Said to have been dictated by Joseph Smith as a translation of an ancient Egyptian scroll purchased in Kirtland, Ohio, in 1835, the Book of Abraham may be Mormonism’s most controversial scripture. Decades of impassioned discussion began when about a dozen fragments of Smith’s Egyptian papyri, including a facsimile from the Book of Abraham, were found in the New York Metropolitan Museum in 1966. The discovery solved a mystery about the origin of the Egyptian characters that appear in the various manuscript copies of the Book of Abraham from 1835, reproduced from one of the fragments. Some LDS scholars devised arguments to explain what seemed to be clear evidence of Smith’s inability to translate Egyptian. In this book, Dan Vogel not only highlights the problems with these apologetic arguments but explains the underlying source documents in revealing detail and clarity.
Vogel gets into some serious weeds with this book. I thought it would be a casual read about apologetic approaches to the Book of Abraham.

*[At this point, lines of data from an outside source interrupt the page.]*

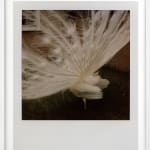 Patrick Sansone, 100 Polaroids, #97, 2008
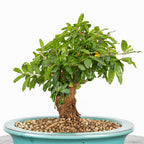 Bonsái - Granado (Punica granatum var. nejikan) - PG10008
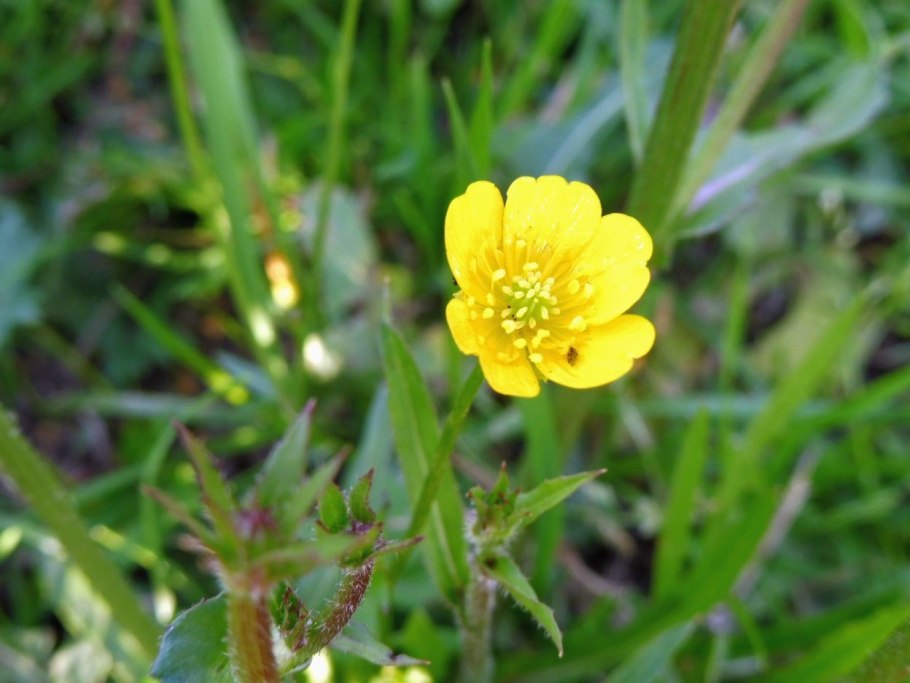 Ranunculus glacialis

Definitely not casual, and definitely thorough. I enjoyed this approach to the Book of Abraham much more than Gee's approach.

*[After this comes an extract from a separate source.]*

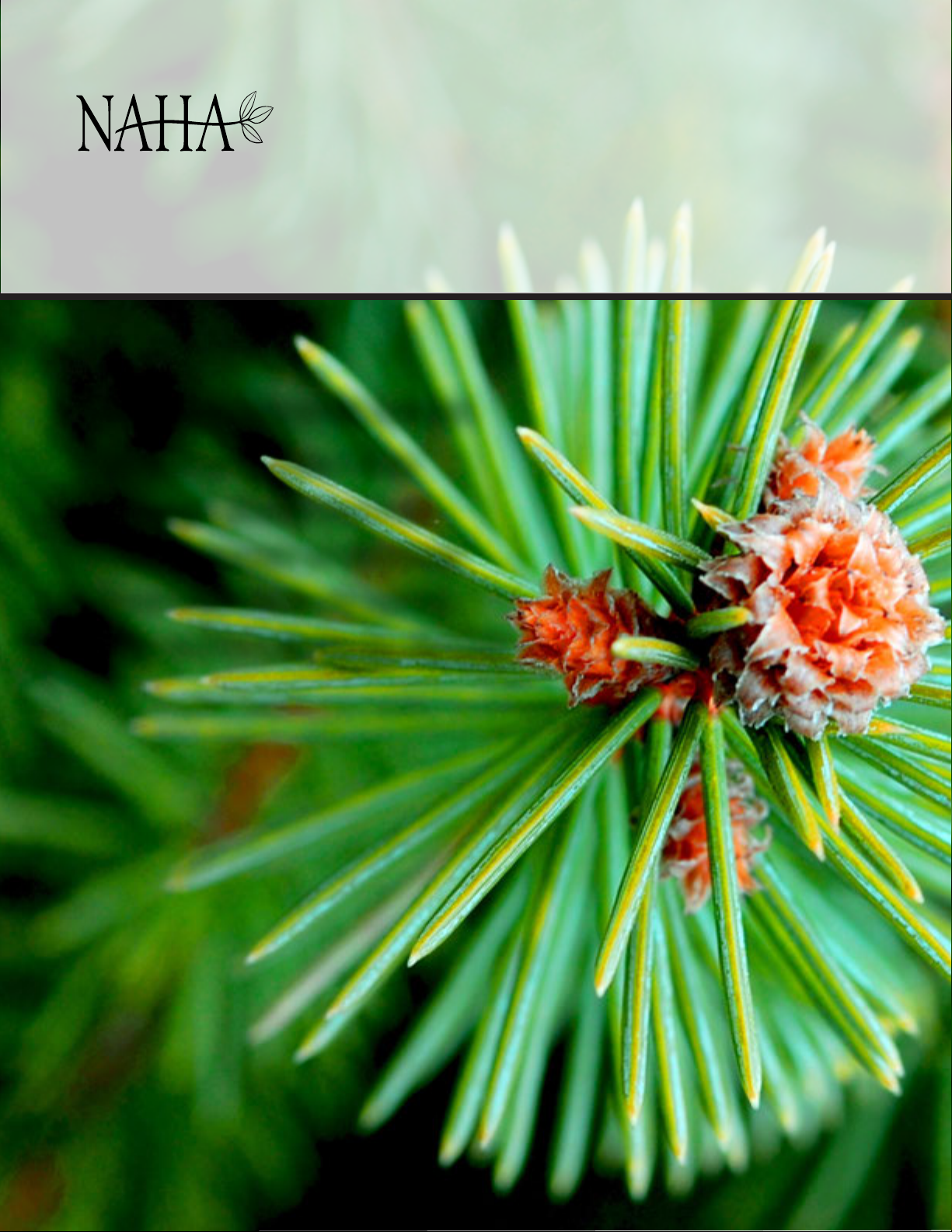 The National Association for Holistic Aromatherapy Aromatherapy Journal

Comprehensive Exposition of Book of Abraham Apologetic Theories
This book is worth having just to have a comprehensive review in one place. Vogel details the how and why of the creation of the Book of Abraham. He shows how it is tied to the Egyptian papyri now in possession of the LDS church. He provides interesting detail to include the BoA's use of Joseph Smith's "Adamic" language, how the BoA was used to introduce Smith's concepts of patriarchal priesthood, and how problems in Missouri related to slavery influenced BoA elements on race.
The book addresses the apologetics espoused by Hugh Nibley, John Gee, and Kerry Muhlestein. It also touches on the newer "catalyst" theory.
Vogel demonstrates his analysis is true to the historical record which highlights the absurdity of the approaches taken by apologists trying to distance the Joseph Smith's Book of Abraham from the Egyptian papyri.
Seldom does one find a look at a book of scripture with such depth and precision as Vogel's look at what insiders see in the Book of Abraham. Vogel approaches the arguments of apologists from many different angles, showing at each turn how often these arguments for faith are built using only pieces (or fragments of pieces) of the historical record, providing inaccurate or misleading conclusions that are contradicted by a view from the whole picture provided by witnesses and historical context. It was fascinating to see Vogel take a piece of evidence held up as an example of "faith-promoting" scholarship, and by providing the background and full picture of that evidence show that it does not in fact say what one thought it does.